The quality of the entries were high and the majority were from young emerging artists. This confirms the need for platforms where artists can present and reflect on their work and that of their colleagues. In this way, the jury considers the prize to be a stimulus for new production and to create visibillity for digital art practice (still rather peripheral to the contemporary art world).
The theme of the Share Festival 2007 is Digital Affinity/Communities Now. Much consideration is given to processes and protocols that regulate communities through creative, reflexive, technological and innovative exchanges:
Communities then are not just new forms of aggregation, but a way of being and living, a collective and humanitarian project, a culture that links one billion and 80 million people today. The bonds between these people are not just geographical or family based, but inspired by cultural, ideological and political affinity. (Share 2007)
This critical concern is an important one when technologies appear to be more and more social in character sometimes referred to as social technologies or more commonly perhaps web 2.0 but questions remain as to the nature of these social interactions, the quality of participation and the seemingly ineviatble recuperation by big business (YouTube is the latest initiative to go this way). These issues of sociability, popularity and accessibility were noticable in many of the entries for the competition and in particular in the shortlisted works.

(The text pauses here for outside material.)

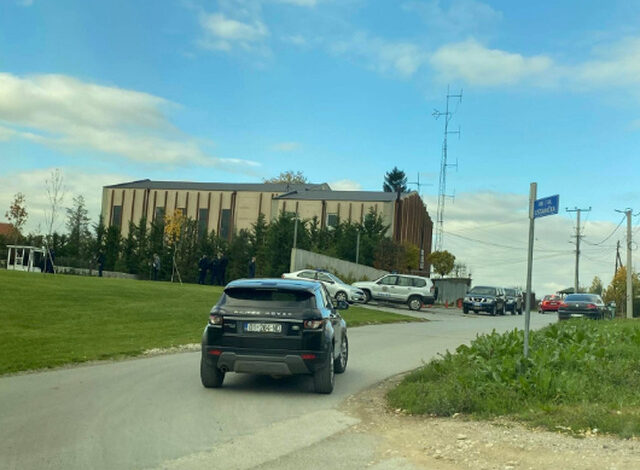 EULEX ‘pushton’ shtëpinë e Thaçit e Veselit, kryen kontrolle në banesat e ish-presidentit e ish-kryeparlamentarit EULEX ‘pushton’ shtëpinë e Thaçit e Veselit, kryen kontrolle në banesat e ish-presidentit e ish-kryeparlamentarit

The jury was also particularly interested in works that do not focus on technology as a mere functional tool but as cultural expression and social critique. At the same time the jury was interested in the impact and interaction of the works with wider communities of interest and diverse audiences that go beyond just art. Shortlisted works rework existing platforms, hardware, software that are familiar to everyday users. The shortlisted works demonstrate emergent models, strategies and proposals to bring into our experience new political and economical relations and realities of contemporary technological culture. They reflect these issues both critically and playfully.
The project winner of Share Prize 2007 is:
Human Browser, Cristophe Bruno (Francia)
http://www.iterature.com/human-browser/en/

A human being embodies the World Wide Web, the sum of all the speeches of mankind. Human Browser is a series of Wi-Fi performances based on a Google Hack, where the usual technological interface is replaced with the oldest interface we know: the human being.
Thanks to its headset, an actor hears a text-to-speech audio that comes directely from the Internet in real-time. The actor repeats the text as he hears it. The textual flow is actually fetched by a programme that hijacks Google, diverting it from its utilitarian functions. Depending on the context in which the actor is, keywords are sent to the programme and used as search strings in Google so that the content of the textual flow is always related to the context.
Honorary mention:
Amazon-noir.com, UBERMORGEN.COM, Paolo Cirio, Alessandro Ludovico
(AT, USA, IT)
http://www.amazon-noir.com
The Bad Guys (The Amazon Noir Crew: Cirio, Lizvlx, Ludovico, Bernhard) steal copyrighted books from Amazon.com - by using sophisticated robot-perversion-technology coded by supervillain Paolo Cirio. A massive media fight and a brutal legal fight escalates into an online Showdown with the heist at the center of the story. Lizvlx from UBERMORGEN.COM has daily shoot outs with the global massmedia, Ludovico and Bernhard hardly resist kickback-bribes from powerful Amazon.com and Cirio violently pushes the boundary of copyright. Betrayal, blasphemy and pessimism splits the gang of bad guys. In the end the good guys (Amazon.com) win and drive off with the beautiful and seductive femme fatale (the massmedia).
Stanza (UK)
Sensity is made from real time data that is collected across the city in real time and visualized as a dynamic public installation which is also viewable online. Sensity visualizes the patterns we make, the forces we weave, which are all being networked into retrievable data structures that can be re-imagined as artworks. These patterns all disclose new ways of seeing the world.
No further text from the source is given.